Interviews// John Carmack: The SPOnG interview

'Game environments that look as good as a movie backdrop'

Posted 24 May 2006 13:37 by
Companies:
People:
Games: Quake Doom Wolfenstein 3D
John Carmack, co-owner and technical director of id Software, is one of the acknowledged geniuses of the games industry. Put simply, with 1991’s Wolfenstein 3D he invented the first-person shoot-em-up. Innovatively, he sold Wolfenstein 3D as shareware, and released the engines powering his subsequent games Doom and Quake to all-comers, spawning a modding scene which saw the fps become the most popular genre. In technical terms, Carmack has always been several steps ahead of the rest of the industry – he sits in his office (decorated with melted pistons – he’s an inveterate car nut) dreaming up new ways in which to make games.

We had the privilege of catching up with Carmack at E3, where he revealed id’s next project (an all-new IP and a rare in-house development) and the technology he has developed which will debut in the forthcoming Enemy Territory: Quake Wars. He also told us about the relative merits of the Xbox 360 and PlayStation 3. Here’s the full, unexpurgated transcript.

Probably the best place to start would be the forthcoming Enemy Territory: Quake Wars. What can you tell us about it?

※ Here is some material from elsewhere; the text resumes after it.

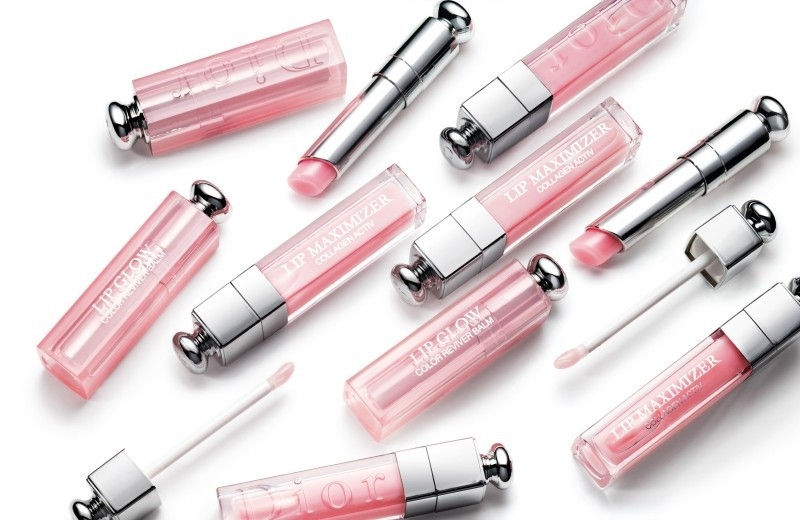 Thanh Tam Cosmetic Son Dưỡng Dior Addict Lip Maximizer Collagen Activ Có collagen làm giảm thâm môi khắc phục môi thâm và đỡ các vết nhăn ở môi #28 Thanh Tam Cosmetic Son Dưỡng Dior Addict Lip Maximizer Collagen Activ Có collagen làm giảm thâm môi khắc phục môi thâm và đỡ các vết nhăn ở môi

I’m a peripheral player in Enemy Territory. I did some technology for it, but it’s not really been my game: Kevin [Cloud] has been the lead guy at id over that. Splash Damage have been really great to work with. On the technology side, it has been rewarding. I did these two core pieces of technology for them, and explained where I thought the value was and what they could do with it, and they got it immediately. They ran with it and did some great stuff and, if anything, it makes me look really good.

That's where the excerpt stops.